§ **EXERCISE BRIEF**
The records below must be reproduced exactly, excluding any pictures.

§ **ENTRIES SUPPLIED**
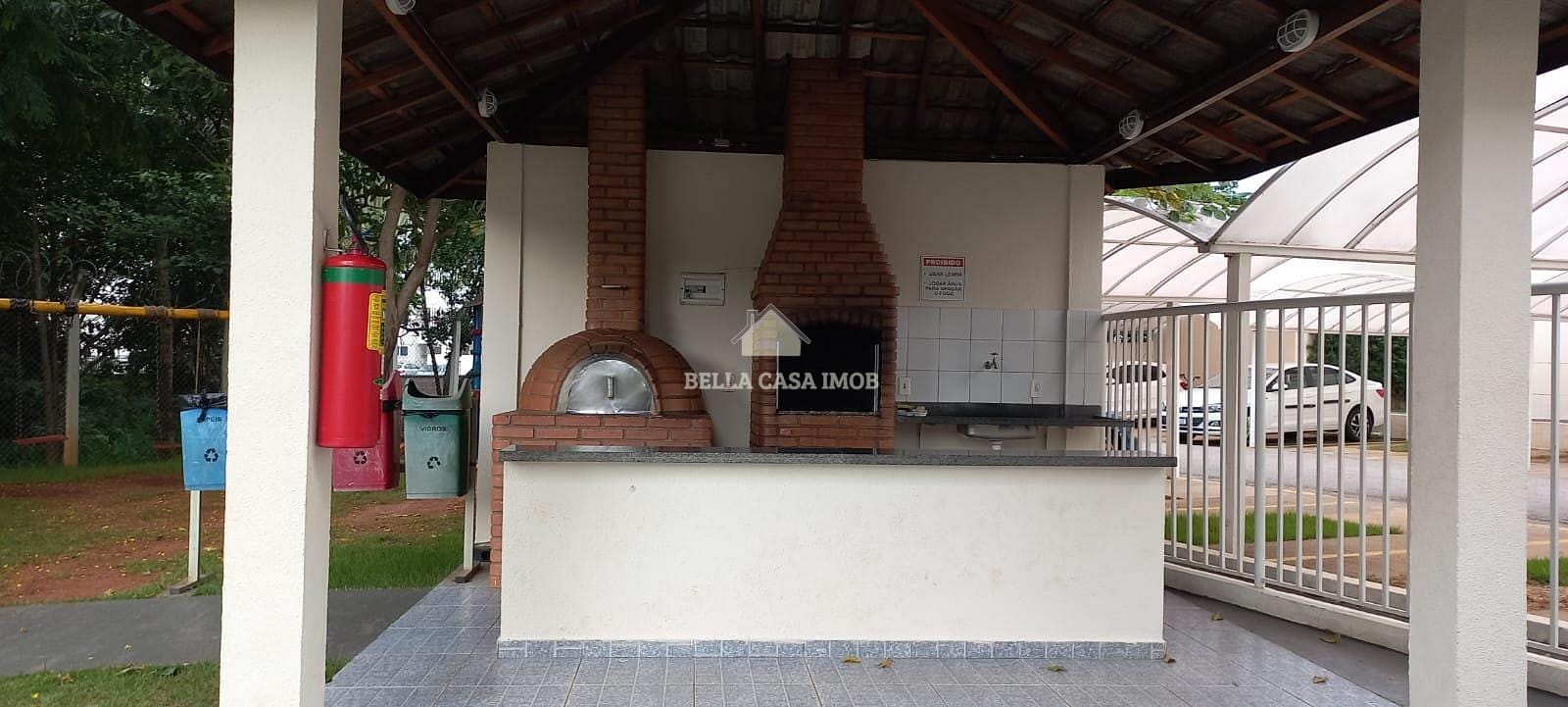 Apartamento à venda com 2 quartos, 53m² - Foto 19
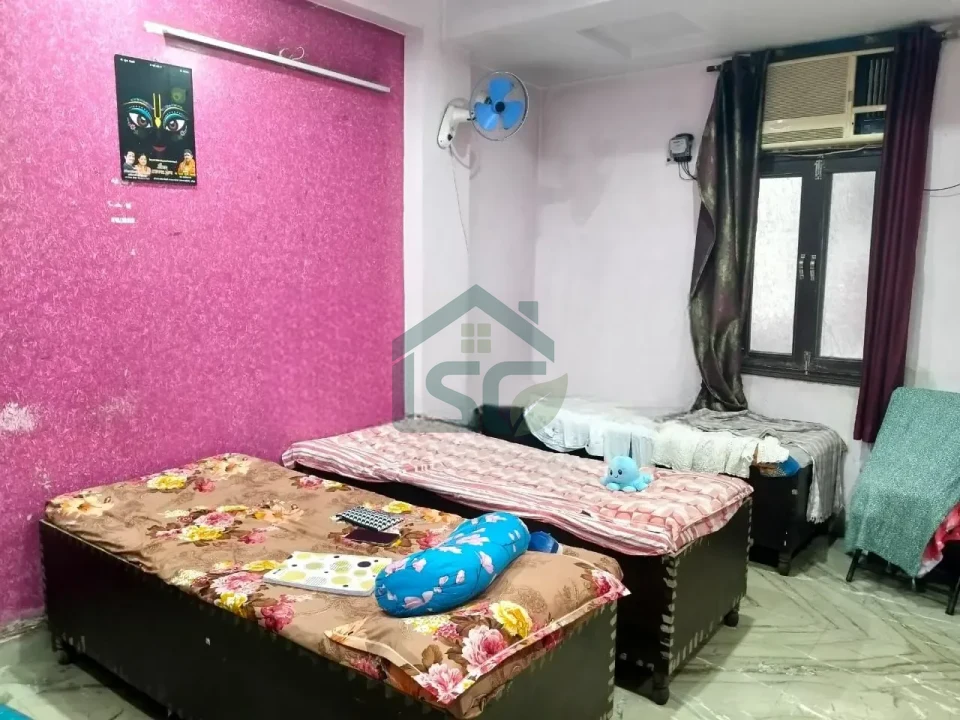 Shivika PG in Laxmi Nagar, Delhi — property photo 2
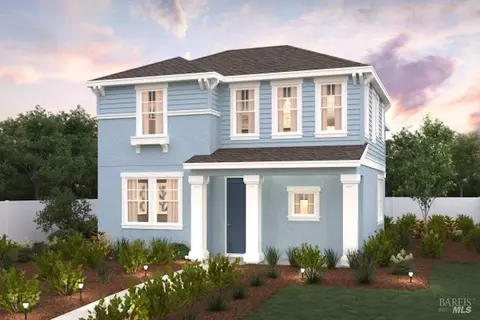 210 Manatee St, Suisun City, CA 94585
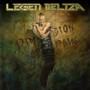 Dimension Of Pain - Legen Beltza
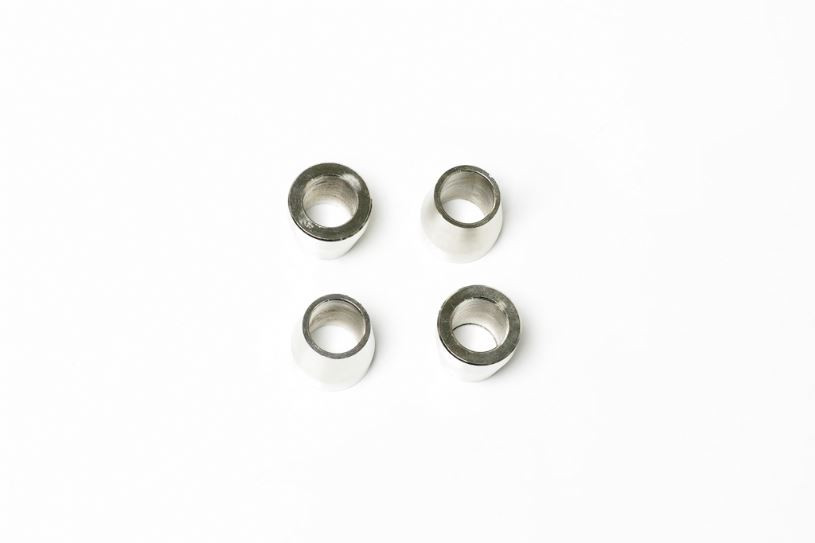 Hardrace Front Lower Arm Bush - Front Mitsubishi Eclipse cross, Lancer mirage, Outlander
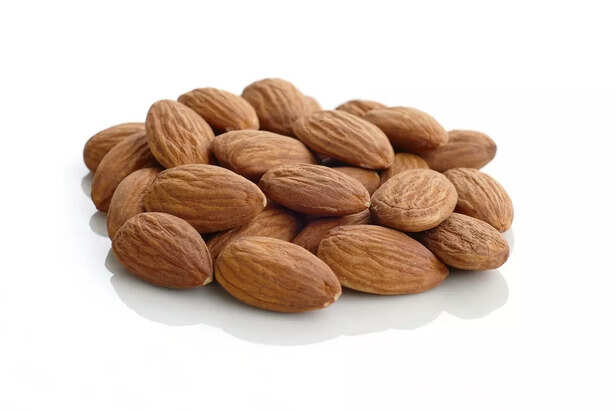 Almonds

§ **WRITTEN REPLY**
 Apartamento à venda com 2 quartos, 53m² - Foto 19
 Shivika PG in Laxmi Nagar, Delhi — property photo 2
 210 Manatee St, Suisun City, CA 94585
 Dimension Of Pain - Legen Beltza
 Hardrace Front Lower Arm Bush - Front Mitsubishi Eclipse cross, Lancer mirage, Outlander
 Almonds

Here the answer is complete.